The code is taken from learing rust by @quinedot

As it says,

fn foo<'s, 'l: 's>(v: std::cell::Cell<Box<dyn Display + 'l>>) -> std::cell::Cell<Box<dyn Display + 's>> {
    v
}

can be compiled, but

fn foo<'s, 'l: 's>(v: std::cell::Cell<Box<Box<dyn Display + 'l>>>) -> std::cell::Cell<Box<Box<dyn Display + 's>>> {
    v
}

can't.

It does, but I am thinking is the 2nd one really dangerous?

The Variance is so called unsized coercions in the book, though is really nothing to do with the sizeness.

I think the reason underhook it because dyn Display + 's is just an unknown type, you can't assign some reference to the type under dyn Display, you can only annotate the type's lifetime as whole.

But when it's a member of struct, it is different; because T<dyn Trait + 'long> means T maybe as long as 'long; Cell<Box<dyn Display + 's>>, for example, dyn Display has a life 's, then Box<<dyn Display + 's>> can't exceed the 's too, then Cell<Box<dyn Display + 's>> is same.

Why

fn foo<'s, 'l: 's>(v: std::cell::Cell<Box<dyn Display + 'l>>) -> std::cell::Cell<Box<dyn Display + 's>> {
    v
}

is accepted because the cell is passed by value, after Cell<'l> was considered as Cell<'s>, it can't be move out to outer scope of 's.

But I think the same applies to Cell<Box<Box<dyn Display + 's>>>, there is no chance for it to be moved out of 's, so seems there is no chance for it to result in dangerous things.

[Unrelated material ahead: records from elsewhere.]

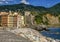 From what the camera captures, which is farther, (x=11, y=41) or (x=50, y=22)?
(x=50, y=22)

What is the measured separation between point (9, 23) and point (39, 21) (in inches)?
4886

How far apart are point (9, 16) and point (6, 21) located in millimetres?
3192

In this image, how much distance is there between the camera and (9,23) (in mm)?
52094

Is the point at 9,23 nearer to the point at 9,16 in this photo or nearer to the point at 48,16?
the point at 9,16

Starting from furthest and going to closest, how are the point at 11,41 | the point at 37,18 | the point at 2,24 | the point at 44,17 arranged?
the point at 44,17
the point at 37,18
the point at 2,24
the point at 11,41

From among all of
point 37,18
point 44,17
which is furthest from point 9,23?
point 44,17

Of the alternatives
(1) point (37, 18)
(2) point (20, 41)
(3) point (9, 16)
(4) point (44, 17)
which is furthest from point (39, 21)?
(2) point (20, 41)

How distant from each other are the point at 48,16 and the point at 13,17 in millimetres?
146474

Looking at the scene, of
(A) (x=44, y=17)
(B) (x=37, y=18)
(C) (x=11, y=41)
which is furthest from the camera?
(A) (x=44, y=17)

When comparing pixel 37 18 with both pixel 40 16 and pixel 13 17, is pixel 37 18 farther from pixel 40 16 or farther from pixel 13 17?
pixel 13 17

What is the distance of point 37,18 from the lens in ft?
566

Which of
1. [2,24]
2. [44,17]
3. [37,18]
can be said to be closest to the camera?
[2,24]

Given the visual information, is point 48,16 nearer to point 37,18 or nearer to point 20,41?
point 37,18

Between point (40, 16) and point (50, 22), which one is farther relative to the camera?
point (50, 22) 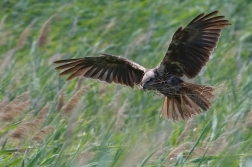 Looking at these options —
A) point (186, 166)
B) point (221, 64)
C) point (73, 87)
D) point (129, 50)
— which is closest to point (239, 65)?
A: point (221, 64)

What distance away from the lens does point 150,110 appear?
7.64m

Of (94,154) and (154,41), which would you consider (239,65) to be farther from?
(94,154)

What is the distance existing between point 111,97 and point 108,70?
489mm

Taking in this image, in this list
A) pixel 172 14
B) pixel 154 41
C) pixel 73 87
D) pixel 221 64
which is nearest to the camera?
pixel 73 87

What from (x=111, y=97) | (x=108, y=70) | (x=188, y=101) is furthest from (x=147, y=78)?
(x=111, y=97)

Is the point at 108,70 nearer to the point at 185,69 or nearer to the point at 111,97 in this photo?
the point at 111,97

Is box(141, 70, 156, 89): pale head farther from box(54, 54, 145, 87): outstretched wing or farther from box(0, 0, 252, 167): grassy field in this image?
box(54, 54, 145, 87): outstretched wing

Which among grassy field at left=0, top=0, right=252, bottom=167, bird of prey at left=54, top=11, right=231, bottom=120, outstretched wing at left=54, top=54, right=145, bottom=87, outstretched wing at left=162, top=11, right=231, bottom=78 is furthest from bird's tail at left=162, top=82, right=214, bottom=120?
outstretched wing at left=54, top=54, right=145, bottom=87

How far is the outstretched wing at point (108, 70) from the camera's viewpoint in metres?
7.16

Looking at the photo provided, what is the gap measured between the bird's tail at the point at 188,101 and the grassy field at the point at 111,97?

If we accept the existing "ultra-covariance" coercions (that aren't really variance) are sound, I can't think of why the nested one involving only lifetimes would not be sound.

But allowing such a coercion would have to be a special case instead of utilizing the same trait-based unsizing coercions as, say, supertrait upcasts (as those can change the vtable pointer). Which is how things work today.